The antimicrobial susceptibility testing results of B. cepacia isolated were shown in Table 4. It was found that 95.65% and 88.68% of B. cepacia isolates were susceptible to ceftazidime and trimethoprim-sulfamethoxazole (TMP-SMX). Susceptibility rates for meropenem, cefepime, and levofloxacin were 82.98%, 77.78%, 53.85%, respectively. Isolates of B. cepacia showed low susceptibility to cefoperazone-sulbactam (22.22%), ceftriaxone (22.22%), tigecycline (20%), and ticacillin/potassium clavulanate (1%). A susceptibility test revealed 100% resistance to nitrofurantoin and tobramycin.

The empirical antibiotic treatments and adjustment of antibiotics after the antibiogram available were shown in Table 5. Empiric antibiotic regimens were adjusted in 30 cases. The most common empiric antibiotic used was cefoperazone-sulbactam (30%), followed by meropenem (28%), cefepime (8%) and piperacillin-tazobactam (8%). Meropenem was the most effective empiric antibiotics used in this research. Meropenem was used in 20 cases of patients (15 cases used alone, three cases combined with ceftazidime, one case combined with tigecycline, one case combined with TMP-SMX). In our study, five cases were treated with meropenem in combination with other antibiotics. Of all these five treatments were started with meropenem, and the second antibiotic was added according to the result of drug susceptibility test when fever persisted and clinical situation of patient continued worsening after 3 days' meropenem therapy. Only one out of the five strains was intermediate to meropenem and the others were sensitive to meropenem. In this group of 20 patients, 13 improved, four gave up treatment, and four died. The other antibiotics used after the available antibiogram were piperacillin tazobactam (12%), cefepime(10%), TMP-SMX (8%), cefoperazone-sulbactam (8%), ceftazidime (6%) ceftriaxone (4%), levofloxacin (2%) and others (8%) presented in Table 6.

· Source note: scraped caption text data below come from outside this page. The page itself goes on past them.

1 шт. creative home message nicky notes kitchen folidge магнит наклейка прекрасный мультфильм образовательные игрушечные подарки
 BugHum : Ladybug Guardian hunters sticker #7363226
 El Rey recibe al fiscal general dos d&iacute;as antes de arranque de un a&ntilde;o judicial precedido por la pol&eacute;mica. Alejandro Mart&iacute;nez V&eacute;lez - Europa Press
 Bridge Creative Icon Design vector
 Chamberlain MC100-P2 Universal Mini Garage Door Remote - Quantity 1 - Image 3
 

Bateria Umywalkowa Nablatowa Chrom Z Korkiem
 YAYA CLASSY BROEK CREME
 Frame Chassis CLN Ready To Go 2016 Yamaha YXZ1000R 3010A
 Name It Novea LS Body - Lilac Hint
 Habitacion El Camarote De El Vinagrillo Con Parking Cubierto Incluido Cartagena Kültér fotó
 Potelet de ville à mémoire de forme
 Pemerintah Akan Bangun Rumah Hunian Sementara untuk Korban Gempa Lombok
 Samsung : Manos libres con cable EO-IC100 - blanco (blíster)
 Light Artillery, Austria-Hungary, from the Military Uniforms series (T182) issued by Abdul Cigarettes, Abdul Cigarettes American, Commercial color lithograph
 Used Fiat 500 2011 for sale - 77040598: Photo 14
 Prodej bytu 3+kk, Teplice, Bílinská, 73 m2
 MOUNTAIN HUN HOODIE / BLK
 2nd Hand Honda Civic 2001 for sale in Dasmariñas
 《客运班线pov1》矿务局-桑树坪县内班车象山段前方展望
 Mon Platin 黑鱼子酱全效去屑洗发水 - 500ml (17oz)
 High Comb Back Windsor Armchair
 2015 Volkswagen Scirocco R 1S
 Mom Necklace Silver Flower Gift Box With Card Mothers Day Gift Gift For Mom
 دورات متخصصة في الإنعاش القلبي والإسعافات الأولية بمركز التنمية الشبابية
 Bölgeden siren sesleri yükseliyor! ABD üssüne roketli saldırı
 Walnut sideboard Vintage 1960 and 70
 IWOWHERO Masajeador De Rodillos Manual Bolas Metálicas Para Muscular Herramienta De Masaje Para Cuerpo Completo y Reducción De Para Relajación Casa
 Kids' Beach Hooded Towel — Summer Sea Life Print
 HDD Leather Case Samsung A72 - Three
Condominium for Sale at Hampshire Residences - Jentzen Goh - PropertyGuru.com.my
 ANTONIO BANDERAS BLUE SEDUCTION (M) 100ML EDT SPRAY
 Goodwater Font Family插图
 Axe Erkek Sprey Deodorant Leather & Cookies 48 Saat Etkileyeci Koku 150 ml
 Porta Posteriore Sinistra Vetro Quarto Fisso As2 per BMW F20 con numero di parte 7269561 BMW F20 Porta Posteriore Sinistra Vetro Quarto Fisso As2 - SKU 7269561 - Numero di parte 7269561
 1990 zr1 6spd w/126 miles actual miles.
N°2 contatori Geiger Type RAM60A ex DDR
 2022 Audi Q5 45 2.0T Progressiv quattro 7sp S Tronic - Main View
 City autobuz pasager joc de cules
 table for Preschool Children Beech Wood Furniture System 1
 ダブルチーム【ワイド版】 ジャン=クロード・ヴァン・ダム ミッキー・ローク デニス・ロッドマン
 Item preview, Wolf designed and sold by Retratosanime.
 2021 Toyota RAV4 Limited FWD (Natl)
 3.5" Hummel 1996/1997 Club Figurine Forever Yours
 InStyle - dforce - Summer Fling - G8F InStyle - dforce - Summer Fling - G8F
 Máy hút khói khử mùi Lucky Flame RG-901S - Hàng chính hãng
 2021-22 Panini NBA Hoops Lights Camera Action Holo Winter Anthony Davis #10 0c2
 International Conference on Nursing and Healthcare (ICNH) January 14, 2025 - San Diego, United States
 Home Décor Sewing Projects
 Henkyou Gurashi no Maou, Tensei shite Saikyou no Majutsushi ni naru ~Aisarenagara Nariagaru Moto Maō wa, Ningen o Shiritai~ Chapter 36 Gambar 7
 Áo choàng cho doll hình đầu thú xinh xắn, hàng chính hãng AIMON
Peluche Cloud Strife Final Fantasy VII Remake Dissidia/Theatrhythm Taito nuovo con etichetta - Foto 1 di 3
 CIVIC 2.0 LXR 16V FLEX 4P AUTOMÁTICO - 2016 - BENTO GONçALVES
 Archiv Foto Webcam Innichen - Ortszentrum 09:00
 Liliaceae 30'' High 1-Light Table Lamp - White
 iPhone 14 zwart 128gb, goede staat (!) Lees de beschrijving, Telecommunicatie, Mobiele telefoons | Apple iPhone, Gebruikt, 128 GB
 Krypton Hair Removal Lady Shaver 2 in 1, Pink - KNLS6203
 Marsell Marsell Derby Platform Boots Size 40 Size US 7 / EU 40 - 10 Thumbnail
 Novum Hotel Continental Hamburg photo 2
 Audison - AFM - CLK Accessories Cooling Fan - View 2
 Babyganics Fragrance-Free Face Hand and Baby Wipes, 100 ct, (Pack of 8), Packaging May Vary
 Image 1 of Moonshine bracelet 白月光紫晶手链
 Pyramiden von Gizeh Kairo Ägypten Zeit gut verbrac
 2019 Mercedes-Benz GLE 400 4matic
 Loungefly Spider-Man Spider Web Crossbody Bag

Almost all patients had good responses to definitive antibiotic therapy. Furthermore, eight patients withdrew from treatment because their caregivers couldn't afford the out-of-pocket cost burden. The average length of hospital stay of 50 patients was 34.6 days, and the average length of ICU stay for 41 patients was 26.8 days. After treatment, 38 patients improved, eight patients were loss to follow-up, and four patients died. Two CGD patients both had B. cepacia bloodstream infection died of multiple organ failure without the presence of macrophage activation syndrome/hemophagocytic lymphohistiocytosis (MAS/HLH). One case of severe viral encephalitis died of multiple organ failure. After intracranial hemorrhage during extracorporeal membrane oxygenation (ECMO) treatment, one patient with severe adenovirus pneumonia died of cerebral herniation, as shown in Table 7.